### MATERIAL FOR THIS EXERCISE

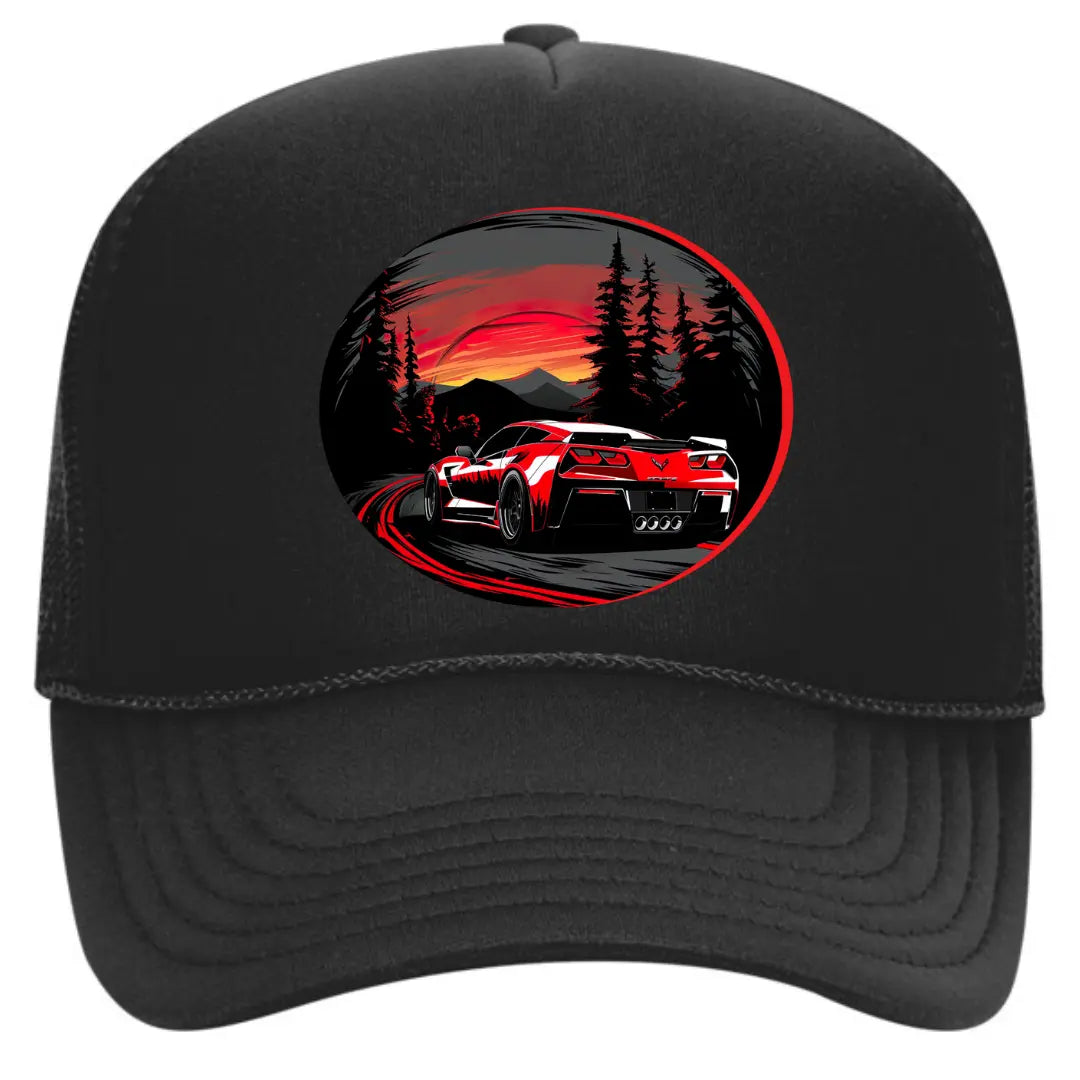 Trucker Hat for Chevrolet Corvette Enthusiasts - Black Threadz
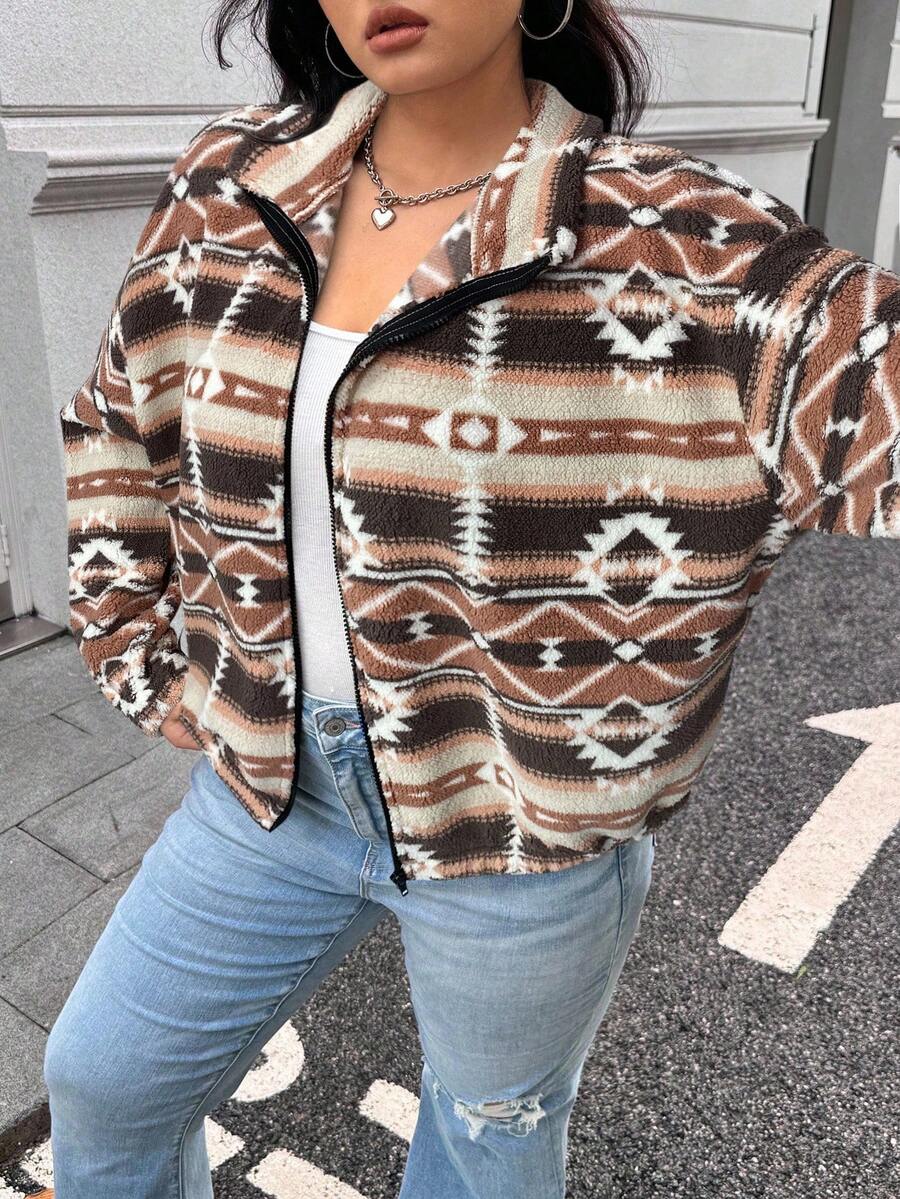 Muchica Plus Size Women's Casual Zipper Multi-Color Short Jacket In Fall/Winter - Multicolor - View 1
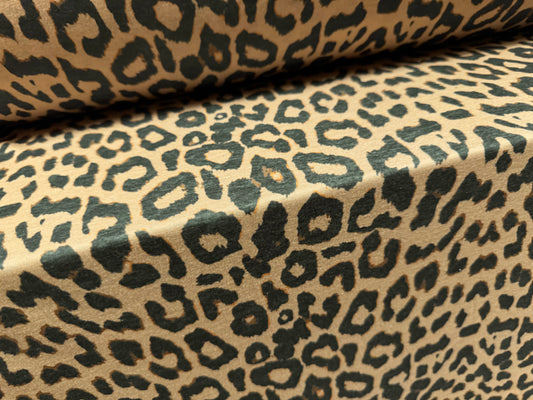 Soft handle single jersey fashion fabric, per metre - cheetah animal print - stone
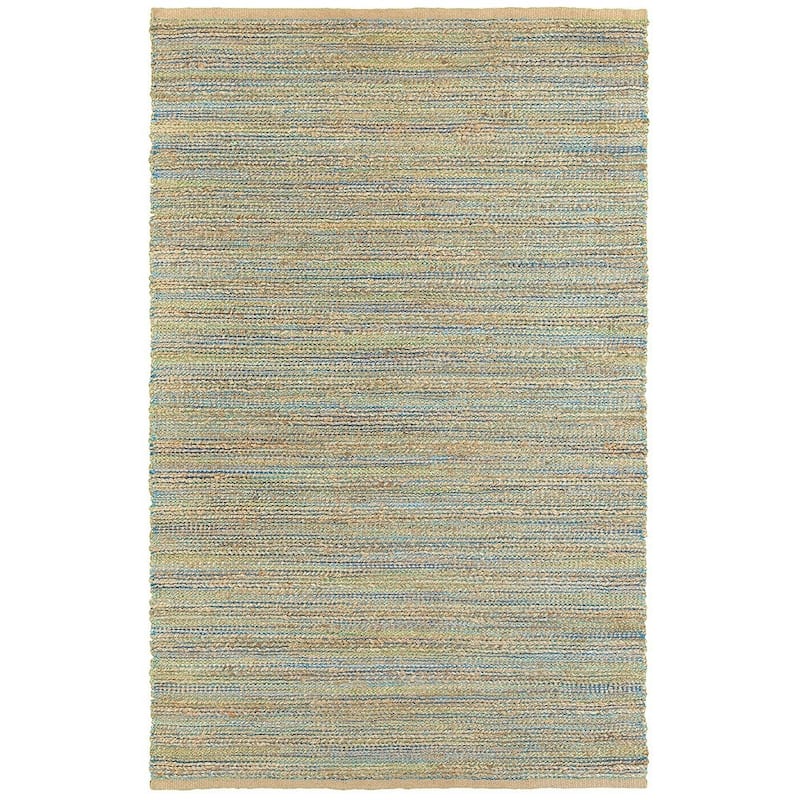 Sevita Organic Jute Geometric Area Rug, Tan and Blue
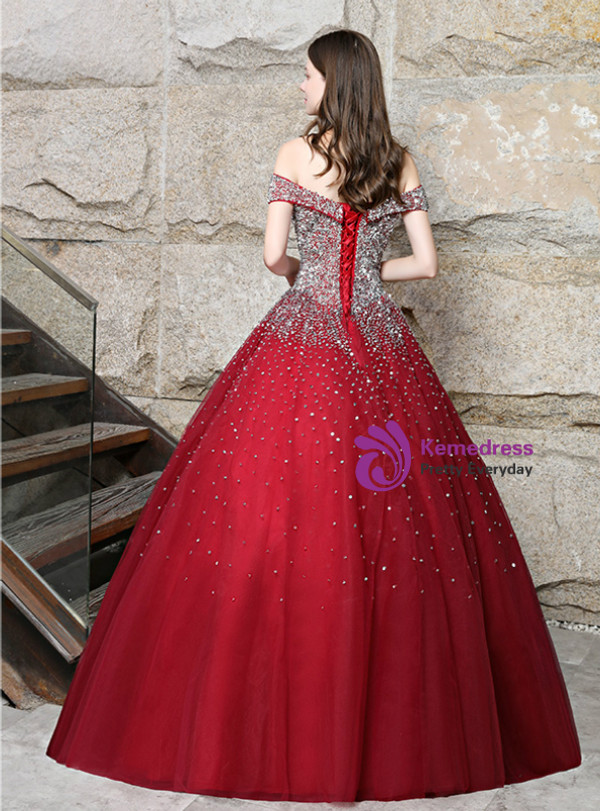 Burgundy Ball Gown Tulle Off The Shoulder With Sequins Quinceanera Dresses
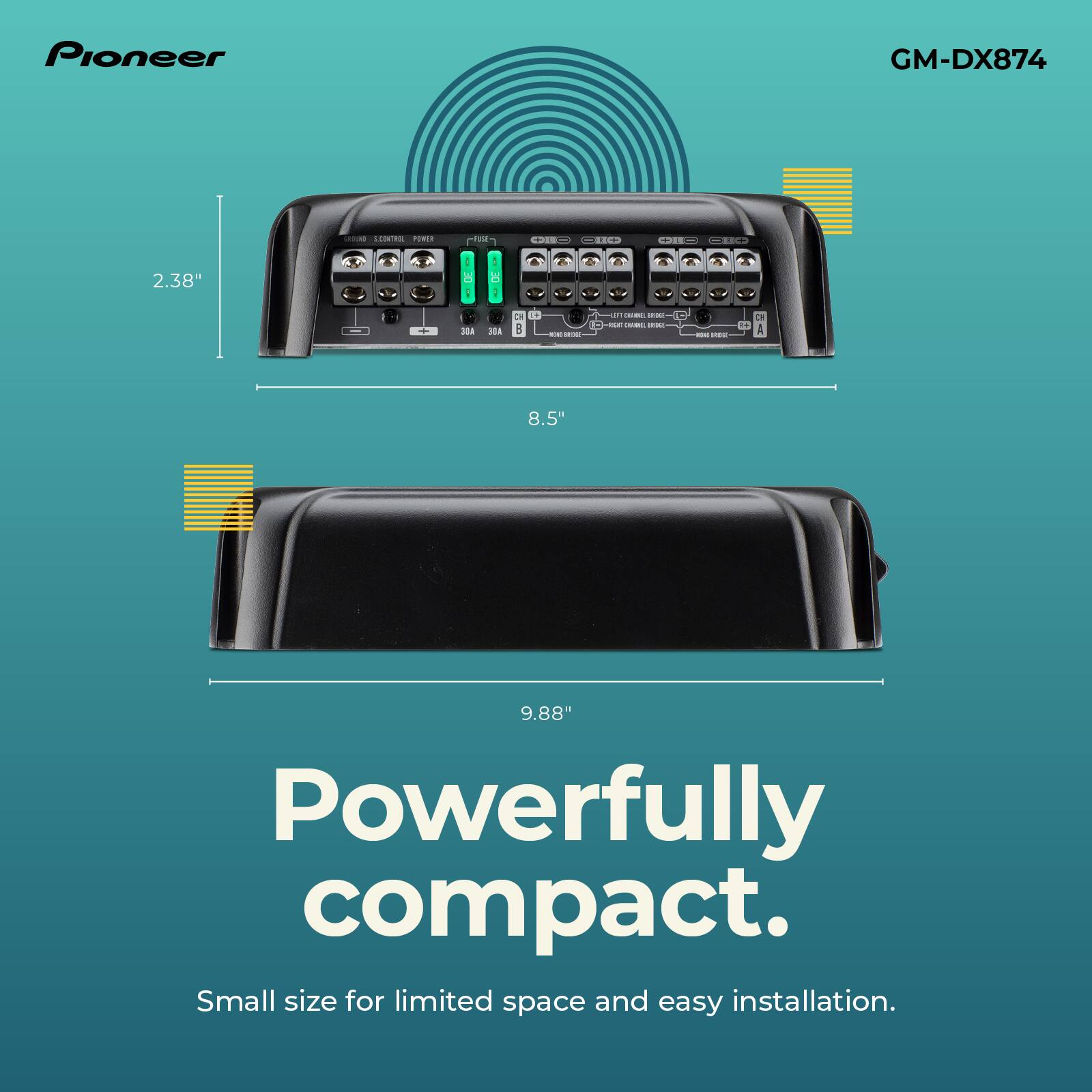 Pioneer GM-DX874 - Compact and powerful. Small size for limited space and easy installation.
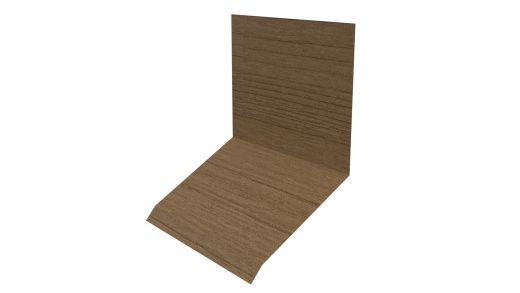 Планка примыкания верхняя к стене фальц 150x130x20 мм, Орех 3D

### ACTION ITEM
Exactly reproduce the run of lines from the start of the listing through the line with "Soft handle single", inclusive; pictures are not copied.

### ANSWER FOR THE TASK
 Trucker Hat for Chevrolet Corvette Enthusiasts - Black Threadz
 Muchica Plus Size Women's Casual Zipper Multi-Color Short Jacket In Fall/Winter - Multicolor - View 1
 Soft handle single jersey fashion fabric, per metre - cheetah animal print - stone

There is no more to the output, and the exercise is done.